General-purpose parallel_for_each with the Intel TBB?

math

#1

Hi there!

I was always intrigued by the idea of having a general purpose parallel_for_each construct in the Stan language. With the Intel TBB in reach I thought - let’s try it. I have by now a prototype up and running for this and would appreciate a critical look at this by our core AD stack engineers. Let me first explain a bit.

  • The AD tape is written along with the function evaluation onto the global AD stack while with STAN_THREADS defined we endup having one AD tape per thread.
  • As the Intel TBB uses a thread pool we endup getting many AD stacks which are persistent in memory.
  • Executing things per thread with access to the thread-local AD stack is completely safe, since we access the local AD stack only.

The above is what makes our thread based map_rect work (the threaded versions does per thread execution and then injects the results into the main thread). However, no one stops us from referencing operands in the main thread from within the worker threads! As long as the threads stay around we can just grow their AD stack as we like and link them as we like. Once we have executed our parallel operation, the AD stack will endup being scattered in multiple AD tapes (one per thread). Thus, when we set adjoints to zero or loop over the stack to propagate the chain rule, we only have to ensure to loop over all the scattered AD stacks (and not just the main thread one).

All of the above can be easily expressed with the TBB. The TBB offers containers which hand out thread_local instances and you can iterate over all instances which belong to some thread.

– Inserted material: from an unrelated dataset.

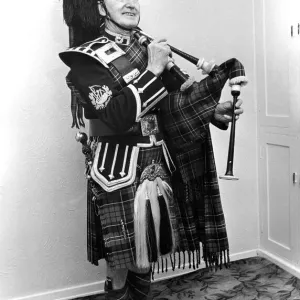 A piper smarly dressed in his uniforn and ready to play the bagpipes in March 1982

The prototype I have done has these key bits:

I hope I haven’t mess this up! How to actually roll this out to the language in a safe way still needs a bit of thinking. I am not sure if nested parallelism would work (probably not with this scheme) - but what I can imagine is to run things in parallel and then combine the different thread specific AD tapes (like map_rect). Still, I think this is some progress in the direction of making a parallel_for_each loop possible eventually.

Best,
Sebastian


#2

Just to recap a little - we talked Intel TBB over a couple times in the meeting, and I think right now we’re looking for answers to these questions (which is my attempt to write up the general questions we’d like to ask ourselves before adding a dependency to the Math library):

I think we should separate Math library discussion from Stan language design discussion (the latter of which should probably be eventually formed into a design doc). For the Math library, I’m personally really excited about the efficiency gains with thread pooling and constructing code such that users don’t need to shard manually anymore (which sounds like a Stan language issue, but if we no longer need to chunk work up because the TBB work-stealing algorithm handles this much more efficiently, than users can already begin writing easier code using the existing map_rect). @wds15 do you know if this last bit is right?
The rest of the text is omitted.